25 Jun Prototypes and their salutary effect on customer satisfaction
Regardless of the increasing number of people appreciating agile methodologies of software development (i.e. Scrum), popularity of traditional methodologies (based on detailed documentation, specification of requirements and closed budget) is still significant. When compared to projects managed according to the Scrum methodology, the main disadvantage of traditional methodology is larger likelihood of discrepancies between a customer’s expectations and the final result of a project. Such a situation is highly unwanted especially in questions as meaningful as implementations of the CRM systems.
Luckily, in such cases prototypes and mock-ups come to the rescue. Depending on the level of complexity of a project and a customer’s preferences we can distinguish a large variety of options when it comes to presenting planned functionality of ordered software to its recipient beginning with a simple draft of UI made by an analyst and ending with a proof of concept. In spite of extremely different level of complexity and time needed to produce prototypes of a particular type, their common denominator is their beneficial influence on customer satisfaction.

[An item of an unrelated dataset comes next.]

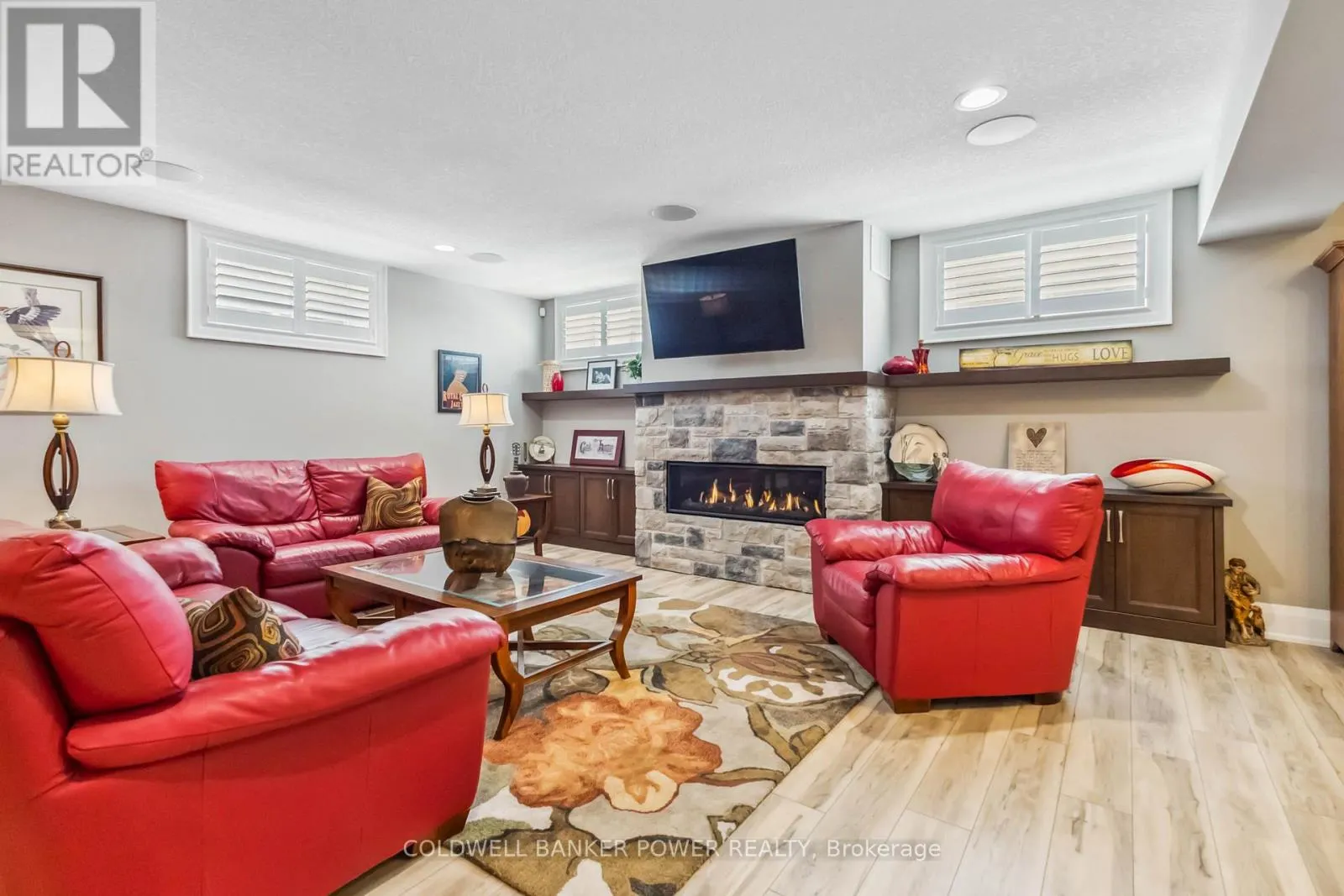 21 - 1710 IRONWOOD ROAD, #21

Speaking about software prototypes made as a part of a project managed with a use of traditional methodologies, a very accurate analogy to the construction industry arises. A situation in which a software is developed based solely on a specification of expectations can be compared to building a skyscraper basing only on guidelines provided by investors who disappear in the moment of the beginning of a construction and show up again when a building is completed. The odds that a skyscraper will meet their expectations is extremely low regardless of how well the job was done by builders and architects. Convergence of a built skyscraper and investors’ expectations would be definitely more likely to occur when investors would have a chance to make reference to a digital visualization of a building or even a scaled model.
Prototypes are equally important when it comes to software development. The larger is the scope of custom functionality implemented within a project the more time is needed to prepare a prototype allowing the customer to confront his expectations with the effects of analysts’ work. Nevertheless, even such a simple thing as a mock-up of user interface allows to diminish the possible discrepancy between customer’s expectations and results of a pre-implementation analysis. For the most demanding customers there is also a possibility of ordering a proof of concept (POC) which is a partly-functioning software allowing a customer to verify planned functionality. It practically does not leave a chance for any understatement. To bring closer the idea of software prototypes, let us take a look at those two extreme options.
Mock-up is basically a set of UI visualizations aiming to present key functionality of the software on specific usage examples without telling about used technology. This sort of a prototype is often called “vertical” because it provides a recipient the possibility to take a look at a particular static image of a system. Mock-ups are especially useful when it comes to defining a navigational structure of a system and logical relations between its elements.
POC, on the other hand, is a much more comprehensive prototype. It provides a customer not only with a possibility of feeling the system but also an overview of technology and processes that will occur in the final product. POC can be also called “horizontal prototype” because its main goal is to present a concept of the software in the widest possible scope. After an approval, proof of concept becomes the most important reference point for the developers team telling them how a system should work. This option of a prototype eliminates nearly every chance of understatement and – in spite of the costs that follow this option – it is often used especially in meaningful and complex projects.
Naturally, there is a broad spectrum of middle ways such as – for example – making shallow modifications in demo versions of existing systems. An important point to note is a fact that a decent prototype makes it drastically easier for a customer to imagine how an ordered software will look and work at the end. Thanks to that, projects managed with traditional methodologies does not have to stand out from Scrum-based projects in the area of customer satisfaction.